Wie der Originaltitel "Milano trema: la polizia vuole giustizia" nahe legt, geht es um den angesichts der Verbrechensrate teils korrupten, desillusionierten und ohnmächtigen Polizeiapparat.
Kommissar Caneparo (Luc Merenda) strebt nach Gerechtigkeit. Einerseits tut er das im Zuge seines polizeilichen Auftrags für die Zivilbevölkerung, die unter den brutalen Verbrechen in Mailand zu leiden hat. Sein oberstes Bestreben ist, im Namen der unschuldigen Opfer und deren Familien, die Mörder und Diebe zur Strecke zu bringen. Koste es, was es wolle.
Andererseits wird es für ihn sehr bald schon zu einer ganz persönlichen Angelegenheit. Denn der Kommissar beabsichtigt, auch für seinen ermordeten Freund und Vorgesetzten Del Buono blutige Rache zu üben.

An genau diesem Punkt nimmt sozusagen die ganze Misere ihren Anfang. Denn Giorgio Caneparos Definition von Gerechtigkeit widerspricht offensichtlich nicht nur in Nuancen derjenigen des Gesetzgebers. Bei seinen Aktionen bleiben Unschuldige, die er eigentlich aufgrund seines Berufs schützen müsste, auf der Strecke.
Caneparo ist so heftig von seiner persönlichen Rachemission verblendet, dass er jegliche Skrupel in die Abgründe seiner Psyche verbannt und in der letzten Phase seines überhand nehmenden Vergeltungsdrangs nicht mehr nur anderen Menschen, sondern auch sich selbst massiven Schaden zufügt.

Der Film ist nicht nur – wie man es vielleicht auf den ersten Blick mutmaßen könnte – reines Exploitationkino. Er wirft beim philosophisch veranlagten und soziologisch interessierten Publikum durchaus interessante Fragen auf. "Milano trema" verdeutlicht, dass der Zweck nicht unbedingt die Wahl der Mittel heiligt und das Konzept der Rache ein Teufelskreis ist, bei dem die Abgrenzung zwischen Täter und Opfer mitunter gar nicht mehr so simpel ist.
Nachdem Regisseur Sergio Martino mit der Besetzung von Luc Merenda in seinem vielbeachteten Giallo Torso dem Schauspieler zu einer gewissen Popularität und weiteren Rollenangeboten verhalf, handelt es sich bei "Violent Professionals" um die zweite Zusammenarbeit der beiden.
Merenda, der auch in den Poliziotteschi Shoot first, die later oder Auge um Auge eine gute Figur (nicht nur sprichwörtlich) machte, war vielleicht etwas weniger wandelbar als manche seiner damaligen Berufskollegen, aber eine sichere Bank als Darsteller besonders ambivalenter Charaktere.
Ähnlich wie der korrupte Polizist, den er in Shoot first, die later spielt, zeigt er auch in "Milano trema" konträre Facetten einer Persönlichkeit. Denn Caneparo ist weder ein eindeutig guter noch durch und durch böser Bulle.
Sein persönliches Dilemma ist, dass er zu viel gesehen und erlebt hat. Er ist geblendet von seiner selbst auserkorenen Mission und lieber bereit, alles in seinem Leben aufzugeben, als die Mörder Del Buonos lebendig davon kommen zu lassen.

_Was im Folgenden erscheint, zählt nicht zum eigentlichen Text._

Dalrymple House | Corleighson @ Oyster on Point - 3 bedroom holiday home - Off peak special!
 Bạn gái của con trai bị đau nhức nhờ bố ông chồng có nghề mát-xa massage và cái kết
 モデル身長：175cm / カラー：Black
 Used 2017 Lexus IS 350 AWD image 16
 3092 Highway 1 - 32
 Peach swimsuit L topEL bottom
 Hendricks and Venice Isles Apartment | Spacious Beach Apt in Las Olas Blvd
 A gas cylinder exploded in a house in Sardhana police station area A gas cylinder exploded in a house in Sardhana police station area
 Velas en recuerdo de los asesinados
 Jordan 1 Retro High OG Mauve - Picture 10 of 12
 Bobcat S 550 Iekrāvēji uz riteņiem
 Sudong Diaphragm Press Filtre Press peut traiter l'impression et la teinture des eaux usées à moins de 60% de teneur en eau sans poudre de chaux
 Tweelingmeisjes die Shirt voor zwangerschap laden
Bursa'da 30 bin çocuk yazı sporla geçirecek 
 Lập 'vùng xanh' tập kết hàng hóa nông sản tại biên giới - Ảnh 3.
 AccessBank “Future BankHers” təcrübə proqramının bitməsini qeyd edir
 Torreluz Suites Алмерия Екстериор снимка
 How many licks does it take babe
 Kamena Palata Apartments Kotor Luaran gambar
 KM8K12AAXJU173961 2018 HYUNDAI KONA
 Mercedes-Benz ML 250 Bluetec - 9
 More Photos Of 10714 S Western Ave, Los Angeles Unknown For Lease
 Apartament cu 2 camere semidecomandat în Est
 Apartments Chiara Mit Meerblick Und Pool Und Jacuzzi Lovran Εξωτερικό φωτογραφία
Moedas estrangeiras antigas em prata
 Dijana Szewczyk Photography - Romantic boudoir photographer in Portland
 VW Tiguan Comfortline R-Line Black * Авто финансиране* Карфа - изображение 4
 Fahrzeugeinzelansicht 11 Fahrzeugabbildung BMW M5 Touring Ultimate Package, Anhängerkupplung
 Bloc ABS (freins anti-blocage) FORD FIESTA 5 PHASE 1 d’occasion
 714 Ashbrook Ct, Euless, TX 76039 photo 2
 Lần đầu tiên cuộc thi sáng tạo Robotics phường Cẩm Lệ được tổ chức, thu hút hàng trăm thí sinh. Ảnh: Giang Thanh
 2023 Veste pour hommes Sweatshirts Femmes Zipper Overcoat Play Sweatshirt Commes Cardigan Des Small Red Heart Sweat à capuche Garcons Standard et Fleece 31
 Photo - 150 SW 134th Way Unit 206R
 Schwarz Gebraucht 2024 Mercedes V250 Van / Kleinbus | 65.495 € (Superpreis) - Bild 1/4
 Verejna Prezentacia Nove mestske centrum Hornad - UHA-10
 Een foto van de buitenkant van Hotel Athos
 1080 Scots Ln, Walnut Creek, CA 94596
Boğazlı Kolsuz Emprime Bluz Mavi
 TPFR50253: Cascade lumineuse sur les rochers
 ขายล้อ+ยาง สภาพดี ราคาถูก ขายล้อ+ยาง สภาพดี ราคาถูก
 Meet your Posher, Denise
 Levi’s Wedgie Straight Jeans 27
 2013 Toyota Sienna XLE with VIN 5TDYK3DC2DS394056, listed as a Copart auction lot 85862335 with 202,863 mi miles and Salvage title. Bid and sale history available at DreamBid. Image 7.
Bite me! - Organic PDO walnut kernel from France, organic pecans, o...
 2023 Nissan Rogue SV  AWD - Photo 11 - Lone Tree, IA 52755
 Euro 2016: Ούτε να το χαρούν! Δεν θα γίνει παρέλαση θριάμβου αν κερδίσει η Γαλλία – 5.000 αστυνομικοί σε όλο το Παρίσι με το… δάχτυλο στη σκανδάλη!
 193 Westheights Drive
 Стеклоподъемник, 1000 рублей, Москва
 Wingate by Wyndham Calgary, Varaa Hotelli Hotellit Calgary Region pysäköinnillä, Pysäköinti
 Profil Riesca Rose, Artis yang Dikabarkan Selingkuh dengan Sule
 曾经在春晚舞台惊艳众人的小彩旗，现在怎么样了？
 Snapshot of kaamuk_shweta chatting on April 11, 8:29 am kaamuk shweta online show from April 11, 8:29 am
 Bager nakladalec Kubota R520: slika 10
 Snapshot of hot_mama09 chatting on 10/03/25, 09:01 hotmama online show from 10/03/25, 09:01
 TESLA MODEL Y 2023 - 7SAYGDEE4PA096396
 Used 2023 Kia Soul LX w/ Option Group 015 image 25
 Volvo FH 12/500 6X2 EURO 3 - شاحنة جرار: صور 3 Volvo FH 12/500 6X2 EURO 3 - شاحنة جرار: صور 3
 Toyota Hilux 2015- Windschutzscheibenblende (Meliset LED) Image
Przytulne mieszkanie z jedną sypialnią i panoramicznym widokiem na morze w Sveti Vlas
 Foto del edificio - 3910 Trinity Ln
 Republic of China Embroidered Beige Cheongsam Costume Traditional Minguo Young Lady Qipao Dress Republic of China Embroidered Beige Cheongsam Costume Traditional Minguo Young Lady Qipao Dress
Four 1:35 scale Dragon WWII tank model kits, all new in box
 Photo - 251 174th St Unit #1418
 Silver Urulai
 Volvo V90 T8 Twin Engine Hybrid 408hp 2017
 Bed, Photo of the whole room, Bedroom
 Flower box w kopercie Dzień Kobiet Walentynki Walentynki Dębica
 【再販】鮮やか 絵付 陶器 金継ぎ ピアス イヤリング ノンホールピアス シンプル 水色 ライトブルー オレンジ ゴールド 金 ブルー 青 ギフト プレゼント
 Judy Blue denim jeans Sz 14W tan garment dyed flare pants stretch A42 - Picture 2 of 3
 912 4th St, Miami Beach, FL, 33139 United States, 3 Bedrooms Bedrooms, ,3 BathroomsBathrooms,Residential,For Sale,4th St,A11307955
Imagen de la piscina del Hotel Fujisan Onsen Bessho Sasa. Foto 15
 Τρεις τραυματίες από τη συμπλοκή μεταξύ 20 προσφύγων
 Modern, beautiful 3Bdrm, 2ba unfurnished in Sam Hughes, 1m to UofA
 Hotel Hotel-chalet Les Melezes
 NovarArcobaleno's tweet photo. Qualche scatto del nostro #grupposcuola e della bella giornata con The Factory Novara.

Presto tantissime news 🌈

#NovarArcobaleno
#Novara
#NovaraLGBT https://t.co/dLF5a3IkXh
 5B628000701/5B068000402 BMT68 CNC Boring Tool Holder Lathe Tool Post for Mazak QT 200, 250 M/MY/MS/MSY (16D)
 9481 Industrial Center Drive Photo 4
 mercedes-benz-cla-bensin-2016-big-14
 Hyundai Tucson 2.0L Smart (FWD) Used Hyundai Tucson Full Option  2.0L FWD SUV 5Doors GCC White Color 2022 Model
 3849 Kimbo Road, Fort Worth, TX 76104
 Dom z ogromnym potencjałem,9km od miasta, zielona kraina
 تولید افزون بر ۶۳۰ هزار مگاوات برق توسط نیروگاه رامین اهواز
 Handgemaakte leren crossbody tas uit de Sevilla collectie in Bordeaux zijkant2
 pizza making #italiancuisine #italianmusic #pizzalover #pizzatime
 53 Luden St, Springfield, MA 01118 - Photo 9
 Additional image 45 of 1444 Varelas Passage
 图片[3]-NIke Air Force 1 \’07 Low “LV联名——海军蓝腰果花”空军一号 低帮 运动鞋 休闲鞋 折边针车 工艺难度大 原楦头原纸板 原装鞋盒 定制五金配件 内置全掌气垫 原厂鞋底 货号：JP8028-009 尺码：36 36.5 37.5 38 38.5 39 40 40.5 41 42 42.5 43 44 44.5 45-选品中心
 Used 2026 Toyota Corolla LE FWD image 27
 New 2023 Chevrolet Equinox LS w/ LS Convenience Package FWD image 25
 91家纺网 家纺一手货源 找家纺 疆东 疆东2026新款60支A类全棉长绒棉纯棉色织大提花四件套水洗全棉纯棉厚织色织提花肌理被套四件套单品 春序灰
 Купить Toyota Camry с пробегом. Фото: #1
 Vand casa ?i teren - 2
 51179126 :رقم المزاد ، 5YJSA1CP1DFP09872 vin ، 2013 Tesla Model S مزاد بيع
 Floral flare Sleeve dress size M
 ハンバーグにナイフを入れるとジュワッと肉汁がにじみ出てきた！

Maria (Martine Brochard) sieht...



... keine Zukunft für sich


Die talentierte französische Schauspielerin Martine Brochard, die man aus Betrachten wir die Angelegenheit als abgeschlossen oder Die Grausamen Drei kennt, spielt Maria. Caneparo begegnet der schönen jungen Frau mit der melancholischen Aura zum ersten Mal in einer Billard-Bar. Maria ist wegen ihrem Freund, der auch zu den von Caneparos beschatteten Gangstern gehört, dort.
Giorgio Caneparo gibt vor, sich für Maria zu interessieren. Er umgarnt sie, lädt sie zum Essen ein und Maria, für deren Geschichte sich wahrscheinlich nie jemand ernsthaft interessiert hat, erzählt ihm bereitwillig aus ihrem Leben. Sie war Model und sie war Studentin, doch hat beide Wege nicht weiterverfolgt.
Die Drogen kamen wohl dazwischen. Aus diesem Grund gibt Caneparo ihr einen ironischen Namen, nämlich "Maria Ex". Ob er sie damit ob ihrer Vertrauensseligkeit nur verhöhnt oder er Verständnis suggerieren möchte, bleibt unklar. Maria zeigt sich gegenüber ihrem neuen Namen ziemlich gleichgültig. So wie ihr auch egal ist, in einer Kommune für Junkies und Hippies zu übernachten. Sie hat trotz ihrer jungen Jahre mit ihrem Leben mehr oder weniger abgeschlossen, ihre einstigen Träume und Ziele längst zu Grabe getragen.
Caneparos und Marias Wege kreuzen sich zwangsläufig immer wieder. Auch sie bringt er wissentlich in Gefahr. Die Frau wird zum Spielball zwischen Gangster und Polizei, wofür sie teuer bezahlen wird.
Menschliche Kollateralschäden in diesem Spiel von Gewalt und Vergeltung gibt es in "Milano trema" mehrere zu beklagen. Maria ist nur eine(r) von Vielen.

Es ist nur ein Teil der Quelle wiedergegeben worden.